According to the physicist of the atmosphere, Prof. Szymon Malinowski from the Faculty of Physics at the University of Warsaw, co-author of the book "Nauka o klimacie"("Climate Science"), the seasons are now very different from what older generations are used to. Winters become grey, rainy, devoid of snow cover and often - the sun. "There is also the possibility that there will be two weeks of frost and a very large snowfall, which will occur two or three times" - the scientist noted in an interview with PAP.
The professor explains the mechanism of this change. "In the amount of ice in the Arctic decreases significantly during the summer months and the autumn temperatures much higher than they used to be are very probable. Even if we have an inflow from the north, the air comes from an open ocean where temperatures are around zero degrees, and not from a layer of ice, over which the temperature can be minus 20 or lower" - he says.
He adds that only in the second half of winter - when the Arctic freezes and the Asian continent cools down - the likelihood of frost in Poland gets higher. It remains quite large even in March or early April.
According to Prof. Malinowski, it will be very difficult for people to prepare for changing climatic conditions. From time to time - though quite rarely - "there will be situations threatening with service shutdowns". Preparing for such situations is connected with expenses for maintaining the readiness of equipment or people, who can be sent to combat the effects of snowstorms, for example.
Malinowski emphasises that global warming does not only mean an increase in average temperatures. It will also mean greater variability of weather conditions and more frequent extreme events in the warm season. "Extreme situations are only slightly less likely than before, while extreme heat waves in summer and mild winters are much more likely" - he says.

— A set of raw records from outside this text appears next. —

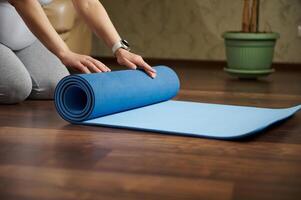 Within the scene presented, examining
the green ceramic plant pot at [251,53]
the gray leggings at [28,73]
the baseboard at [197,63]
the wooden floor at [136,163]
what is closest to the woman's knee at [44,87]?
the gray leggings at [28,73]

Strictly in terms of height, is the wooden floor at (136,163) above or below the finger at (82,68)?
below

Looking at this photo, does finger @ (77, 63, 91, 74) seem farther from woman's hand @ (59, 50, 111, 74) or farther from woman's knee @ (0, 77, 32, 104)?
woman's knee @ (0, 77, 32, 104)

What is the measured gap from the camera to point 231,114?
1594 mm

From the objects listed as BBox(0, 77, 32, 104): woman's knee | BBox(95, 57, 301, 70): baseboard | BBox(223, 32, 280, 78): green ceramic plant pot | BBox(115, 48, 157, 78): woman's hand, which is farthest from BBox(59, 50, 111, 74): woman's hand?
BBox(95, 57, 301, 70): baseboard

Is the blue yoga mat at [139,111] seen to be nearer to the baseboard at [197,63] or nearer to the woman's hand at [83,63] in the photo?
the woman's hand at [83,63]

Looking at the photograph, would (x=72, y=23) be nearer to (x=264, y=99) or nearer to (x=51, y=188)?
(x=264, y=99)

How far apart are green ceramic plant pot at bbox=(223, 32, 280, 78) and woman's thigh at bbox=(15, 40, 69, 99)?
1138 mm

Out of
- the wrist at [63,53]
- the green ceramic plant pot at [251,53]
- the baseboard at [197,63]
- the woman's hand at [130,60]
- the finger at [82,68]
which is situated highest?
the wrist at [63,53]

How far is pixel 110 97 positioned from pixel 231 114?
1.20 feet

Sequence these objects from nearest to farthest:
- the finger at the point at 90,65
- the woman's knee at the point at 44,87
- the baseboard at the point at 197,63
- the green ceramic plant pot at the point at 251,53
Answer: the finger at the point at 90,65 < the woman's knee at the point at 44,87 < the green ceramic plant pot at the point at 251,53 < the baseboard at the point at 197,63

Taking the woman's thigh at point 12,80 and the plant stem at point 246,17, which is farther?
the plant stem at point 246,17

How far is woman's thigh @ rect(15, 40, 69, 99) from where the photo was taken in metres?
1.99

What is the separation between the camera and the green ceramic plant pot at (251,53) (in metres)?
2.86

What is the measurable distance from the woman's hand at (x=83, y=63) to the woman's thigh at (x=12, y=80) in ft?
1.16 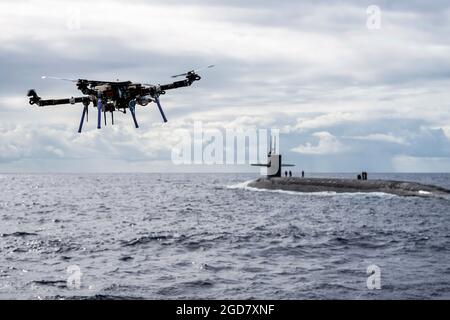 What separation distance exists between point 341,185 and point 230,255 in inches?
2490

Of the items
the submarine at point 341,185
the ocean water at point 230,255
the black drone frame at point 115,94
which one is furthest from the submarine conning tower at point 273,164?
the black drone frame at point 115,94

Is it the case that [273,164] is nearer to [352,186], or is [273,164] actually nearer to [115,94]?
[352,186]

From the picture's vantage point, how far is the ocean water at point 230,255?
84.4 feet

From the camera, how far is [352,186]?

In Poland in the 1970s, during the year, there were statistically 4 days with temperatures above 30 degrees, while according to the website naukaoklimacie.pl there were already on average 13 such days per year in the last decade. The summer of 2018 was record warm and high temperatures also persisted in autumn.
On 5 November, there was a record-high temperature in November in the history of Poland, with 26.2 degrees Celsius recorded at the Polana measuring station in the Bieszczady Mountains.
According to Prof. Malinowski, extreme weather phenomena that we observe on a daily basis are a direct proof of global warming.
"We now have tools that allow to calculate the probability of such phenomena, were it not for the climatic changes that have occurred over the past several decades" - he says. "It turns out that if we did not heat up our planet, the probability of such phenomena would be much, much lower" - he adds.
Malinowski also mentions the fires in California. "The media in the region directly present opinions and scientific evidence that the scale of fires occurring at the moment (...) is a clear effect of global warming" - he says.
He adds that "the same applies to the strongest hurricanes, the same applies to many violent phenomena that occur in Central Europe".